In addition to not considering the heterogeneity of common multi-horizon forecasting inputs, most current architectures are ‘black-box’ models where forecasts are controlled by complex nonlinear interactions between many parameters. This makes it difficult to explain how models arrive at their predictions, and in turn, makes it challenging for users to trust a model’s outputs and model builders to debug it. Unfortunately, commonly used explainability methods for DNNs are not well suited for applying to time series. In their conventional form, post hoc methods (e.g. LIME (Ribeiro et al, 2016) and SHAP (Lundberg & Lee, 2017)) do not consider the time ordering of input features. For example, for LIME, surrogate models are independently constructed for each data point, and for SHAP, features are considered independently for neighboring time steps. Such post hoc approaches would lead to poor explanation quality as dependencies between timesteps are typically significant in time series. On the other hand, some attention-based architectures are proposed with inherent interpretability for sequential data, primarily language or speech – such as the Transformer architecture (Vaswani, Shazeer, Parmar, Uszkoreit, Jones, Gomez, Kaiser, & Polosukhin, 2017). The fundamental caveat to apply them is that multi-horizon forecasting includes many different types of input features, as opposed to language or speech. In their conventional form, these architectures can provide insights into relevant time steps for multi-horizon forecasting, but they cannot distinguish the importance of different features at a given timestep.
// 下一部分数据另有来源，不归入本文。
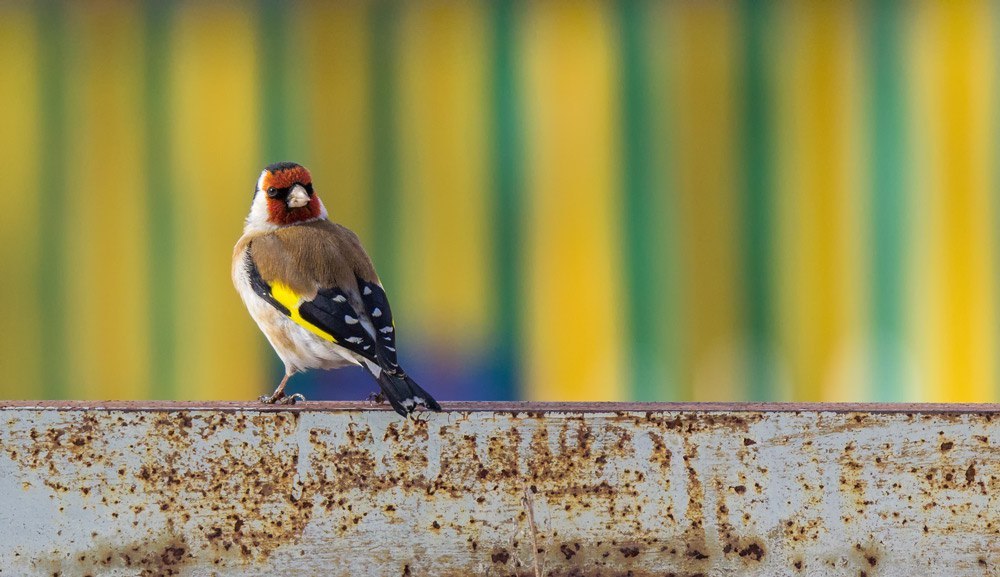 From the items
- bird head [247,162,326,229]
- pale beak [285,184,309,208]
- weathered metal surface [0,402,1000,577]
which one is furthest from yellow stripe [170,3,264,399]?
weathered metal surface [0,402,1000,577]

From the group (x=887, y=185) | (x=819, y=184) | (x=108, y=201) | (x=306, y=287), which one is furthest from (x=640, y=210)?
(x=108, y=201)

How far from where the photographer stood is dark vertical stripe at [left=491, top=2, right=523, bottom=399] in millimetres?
5137

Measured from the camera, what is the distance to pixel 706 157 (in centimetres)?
516

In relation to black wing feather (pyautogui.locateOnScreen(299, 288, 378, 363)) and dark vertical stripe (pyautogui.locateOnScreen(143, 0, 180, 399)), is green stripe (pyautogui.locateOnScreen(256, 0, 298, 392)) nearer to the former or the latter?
dark vertical stripe (pyautogui.locateOnScreen(143, 0, 180, 399))

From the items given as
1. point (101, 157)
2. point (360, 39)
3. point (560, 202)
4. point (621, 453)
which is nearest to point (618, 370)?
point (560, 202)

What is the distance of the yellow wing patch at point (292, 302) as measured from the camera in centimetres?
381

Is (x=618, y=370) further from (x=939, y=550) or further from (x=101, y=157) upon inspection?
(x=939, y=550)

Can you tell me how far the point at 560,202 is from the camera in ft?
17.0

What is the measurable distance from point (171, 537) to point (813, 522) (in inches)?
41.3

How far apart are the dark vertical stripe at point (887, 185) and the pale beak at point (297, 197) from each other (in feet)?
6.69

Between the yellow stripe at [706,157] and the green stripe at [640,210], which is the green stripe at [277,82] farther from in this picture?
the yellow stripe at [706,157]

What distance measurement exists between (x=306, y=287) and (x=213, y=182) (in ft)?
4.86

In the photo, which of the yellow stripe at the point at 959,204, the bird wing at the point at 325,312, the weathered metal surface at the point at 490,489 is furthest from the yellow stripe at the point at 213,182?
the weathered metal surface at the point at 490,489

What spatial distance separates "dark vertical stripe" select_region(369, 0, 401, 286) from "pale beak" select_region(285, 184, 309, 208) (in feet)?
2.43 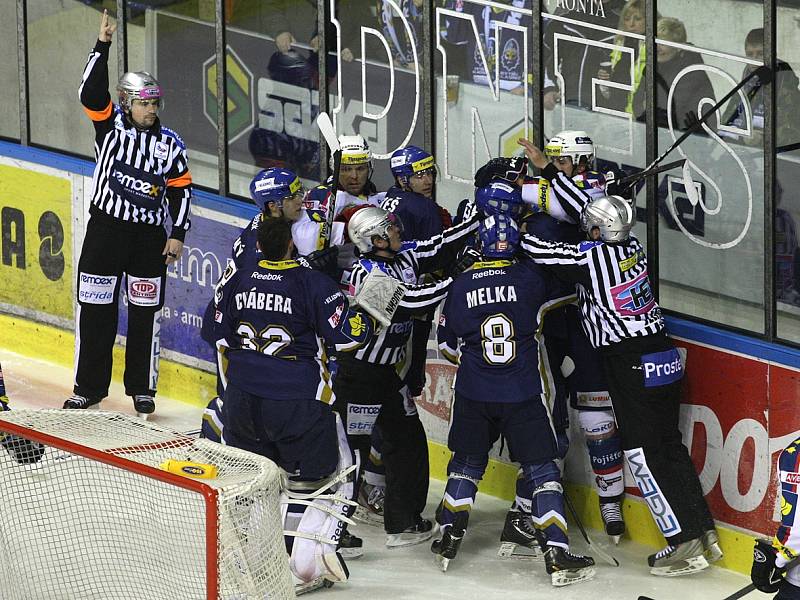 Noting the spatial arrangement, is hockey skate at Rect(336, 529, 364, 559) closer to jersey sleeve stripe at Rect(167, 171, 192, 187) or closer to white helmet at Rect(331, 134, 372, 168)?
white helmet at Rect(331, 134, 372, 168)

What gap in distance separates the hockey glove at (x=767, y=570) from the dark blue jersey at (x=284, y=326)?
6.11 ft

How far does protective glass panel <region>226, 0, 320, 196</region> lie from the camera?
8.05 meters

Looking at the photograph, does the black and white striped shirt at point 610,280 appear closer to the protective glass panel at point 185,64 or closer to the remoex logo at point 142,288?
the remoex logo at point 142,288

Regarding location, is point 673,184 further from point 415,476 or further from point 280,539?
point 280,539

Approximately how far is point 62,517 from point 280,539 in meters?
0.99

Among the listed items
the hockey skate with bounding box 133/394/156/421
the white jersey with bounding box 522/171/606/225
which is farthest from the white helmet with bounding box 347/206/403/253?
the hockey skate with bounding box 133/394/156/421

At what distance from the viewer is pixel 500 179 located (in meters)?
6.50

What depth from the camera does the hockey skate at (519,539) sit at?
256 inches

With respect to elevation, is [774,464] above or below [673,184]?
below

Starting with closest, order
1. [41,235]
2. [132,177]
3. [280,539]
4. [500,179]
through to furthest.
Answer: [280,539], [500,179], [132,177], [41,235]

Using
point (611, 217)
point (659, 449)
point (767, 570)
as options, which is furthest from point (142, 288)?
point (767, 570)

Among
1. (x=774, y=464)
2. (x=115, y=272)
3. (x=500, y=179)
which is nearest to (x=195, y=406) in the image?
(x=115, y=272)

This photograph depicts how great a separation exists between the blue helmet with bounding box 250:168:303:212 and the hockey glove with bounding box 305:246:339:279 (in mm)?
259

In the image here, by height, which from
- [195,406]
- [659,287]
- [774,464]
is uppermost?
[659,287] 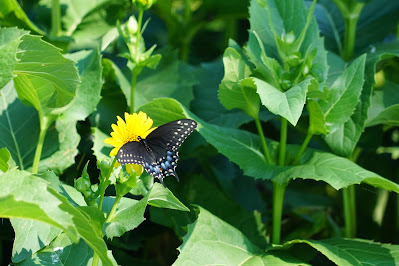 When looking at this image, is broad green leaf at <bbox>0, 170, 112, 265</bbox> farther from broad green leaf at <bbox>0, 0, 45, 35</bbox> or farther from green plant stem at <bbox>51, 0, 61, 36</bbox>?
green plant stem at <bbox>51, 0, 61, 36</bbox>

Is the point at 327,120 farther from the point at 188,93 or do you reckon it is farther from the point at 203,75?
the point at 203,75

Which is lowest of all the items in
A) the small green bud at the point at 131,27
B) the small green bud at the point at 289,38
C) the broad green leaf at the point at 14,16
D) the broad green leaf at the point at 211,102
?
the broad green leaf at the point at 211,102

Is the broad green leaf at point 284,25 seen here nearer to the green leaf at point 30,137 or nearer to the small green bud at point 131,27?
the small green bud at point 131,27

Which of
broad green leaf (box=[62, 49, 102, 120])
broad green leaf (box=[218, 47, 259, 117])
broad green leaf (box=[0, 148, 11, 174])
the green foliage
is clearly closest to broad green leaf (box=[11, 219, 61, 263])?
the green foliage

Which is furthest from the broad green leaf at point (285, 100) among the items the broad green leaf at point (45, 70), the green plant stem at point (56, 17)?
the green plant stem at point (56, 17)

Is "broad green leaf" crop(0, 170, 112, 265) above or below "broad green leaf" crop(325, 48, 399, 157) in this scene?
above

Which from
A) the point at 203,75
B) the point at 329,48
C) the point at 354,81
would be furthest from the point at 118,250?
the point at 329,48

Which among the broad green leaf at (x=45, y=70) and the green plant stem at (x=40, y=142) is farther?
the green plant stem at (x=40, y=142)

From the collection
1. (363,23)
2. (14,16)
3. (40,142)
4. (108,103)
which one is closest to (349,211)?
(363,23) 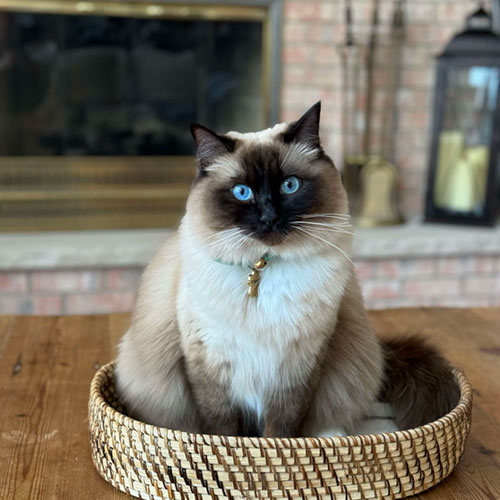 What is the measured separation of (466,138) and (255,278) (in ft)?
7.29

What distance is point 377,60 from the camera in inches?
114

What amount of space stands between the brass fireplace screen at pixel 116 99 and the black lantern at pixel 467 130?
0.72 metres

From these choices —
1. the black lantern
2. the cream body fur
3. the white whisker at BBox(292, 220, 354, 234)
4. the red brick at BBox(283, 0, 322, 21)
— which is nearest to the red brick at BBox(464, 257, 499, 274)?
the black lantern

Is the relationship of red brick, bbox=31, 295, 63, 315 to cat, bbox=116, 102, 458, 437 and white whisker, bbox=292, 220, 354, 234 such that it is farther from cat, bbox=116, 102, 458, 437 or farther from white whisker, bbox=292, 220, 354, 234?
white whisker, bbox=292, 220, 354, 234

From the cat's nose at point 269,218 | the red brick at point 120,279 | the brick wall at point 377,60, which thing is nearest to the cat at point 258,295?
the cat's nose at point 269,218

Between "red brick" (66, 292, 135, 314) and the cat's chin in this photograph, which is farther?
"red brick" (66, 292, 135, 314)

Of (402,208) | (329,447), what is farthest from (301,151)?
(402,208)

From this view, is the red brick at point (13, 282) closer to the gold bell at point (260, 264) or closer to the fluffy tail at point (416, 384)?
the fluffy tail at point (416, 384)

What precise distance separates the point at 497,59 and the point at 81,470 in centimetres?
233

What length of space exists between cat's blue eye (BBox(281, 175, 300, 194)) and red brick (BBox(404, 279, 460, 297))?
2.09 meters

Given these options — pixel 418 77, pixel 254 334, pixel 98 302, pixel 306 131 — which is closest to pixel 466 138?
pixel 418 77

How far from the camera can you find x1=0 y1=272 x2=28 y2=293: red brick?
253 cm

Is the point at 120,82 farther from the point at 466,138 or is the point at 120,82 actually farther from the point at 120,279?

深度神经网络(DNNs)已越来越多地用于多水平预测,与传统时间序列模型相比,表现出强大的性能改进(Alaa & van der Schaar, 2019;Makridakis, Spiliotis, & Assimakopoulos, 2020;Rangapuram等人,2018)。虽然许多架构都专注于循环神经网络(RNN)架构的变体(Rangapuram等人,2018;Salinas, Flunkert, Gasthaus, & Januschowski, 2019;Wen et al, 2017),最近的改进也使用了基于注意力的方法来增强过去相关时间步长的选择(Fan et al, 2019) -包括基于变压器的模型(Li et al, 2019)。

历史研究的瓶颈
①没有考虑常见的多水平预测输入的异质性
然而,这些通常没有考虑多水平预测中常见的不同类型的输入,或者假设未来所有外生输入都是已知的(Li等人,2019;Rangapuram等人,2018;Salinas等人,2019)——自回归模型的一个常见问题——或忽略了重要的静态协变量(Wen等人,2017)——这些协变量只是在每一步中与其他随时间变化的特征连接起来。
时间序列模型的许多最新改进都来自于具有独特数据特征的架构的对齐(Koutník, Greff, Gomez, & Schmidhuber, 2014;尼尔等人,2016)。我们认为并证明,通过设计具有适合多水平预测的归纳偏差的网络,也可以获得类似的性能收益。

②缺乏可解释性
除了没有考虑常见的多水平预测输入的异质性外,目前大多数架构都是“黑盒”模型,其中预测由许多参数之间复杂的非线性相互作用控制。这使得解释模型如何得到预测变得困难,反过来,也使得用户难以信任模型的输出和模型构建者对其进行调试。不幸的是,常用的dnn解释性方法并不适合应用于时间序列。在传统形式中,事后方法(例如LIME(Ribeiro et al, 2016)和SHAP (Lundberg & Lee, 2017))不考虑输入特征的时间顺序
例如,对于LIME,代理模型是为每个数据点独立构建的,而对于SHAP,特征是独立考虑相邻时间步长的。
这种事后的方法将导致较差的解释质量,因为时间步骤之间的依赖性在时间序列中通常是显著的。
另一方面,一些基于注意力的架构被提出,对顺序数据具有固有的可解释性,主要是语言或语音——例如Transformer架构(Vaswani, Shazeer, Parmar, Uszkoreit, Jones, Gomez, Kaiser, & Polosukhin, 2017)。应用它们的基本警告是,多水平预测包括许多不同类型的输入特征,而不是语言或语音。在它们的传统形式中,这些架构可以为多水平预测提供相关时间步骤的见解,但它们不能在给定的时间步骤中区分不同特征的重要性只回答了那些时间点是重要的,很难回答这个时间点上哪个特征重要。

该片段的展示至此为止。